**Source records:**
+ + + +

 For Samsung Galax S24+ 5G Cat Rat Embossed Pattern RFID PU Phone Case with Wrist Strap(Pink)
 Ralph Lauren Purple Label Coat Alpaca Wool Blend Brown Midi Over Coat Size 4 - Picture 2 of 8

+ + + +

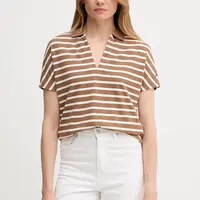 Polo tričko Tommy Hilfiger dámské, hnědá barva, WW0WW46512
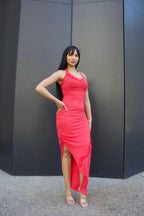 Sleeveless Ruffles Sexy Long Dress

+ + + +

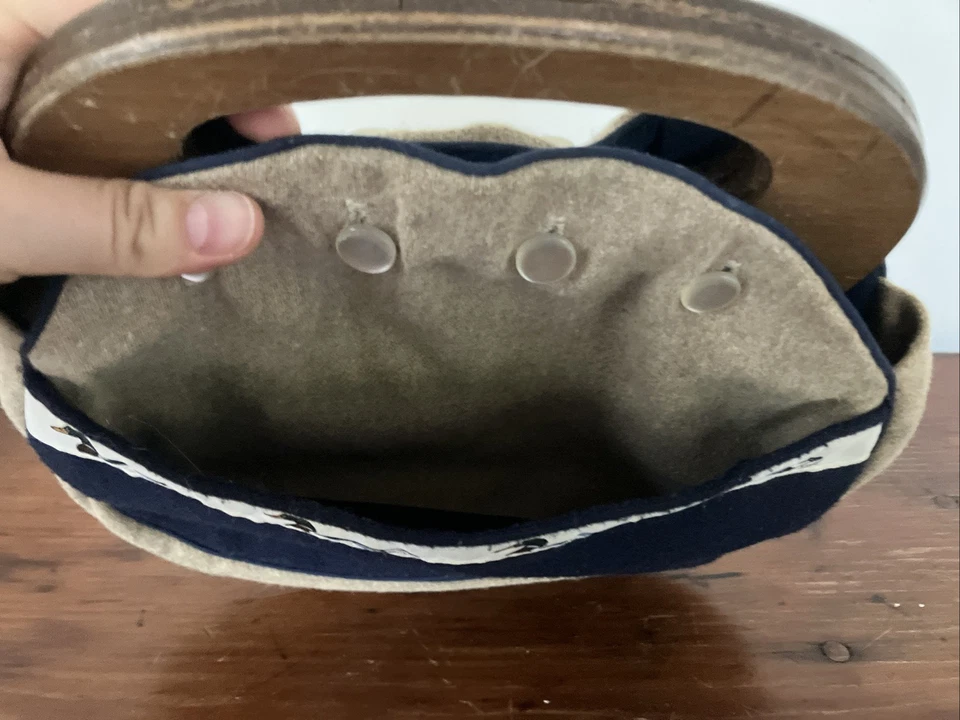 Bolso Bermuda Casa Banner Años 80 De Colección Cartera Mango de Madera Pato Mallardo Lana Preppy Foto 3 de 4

+ + + +

**Exercise:**
From the line containing "Polo tričko Tommy" through the line containing "Sleeveless Ruffles Sexy Long Dress", copy every line above exactly, without pictures.

**Exercise solution:**
 Polo tričko Tommy Hilfiger dámské, hnědá barva, WW0WW46512
 Sleeveless Ruffles Sexy Long Dress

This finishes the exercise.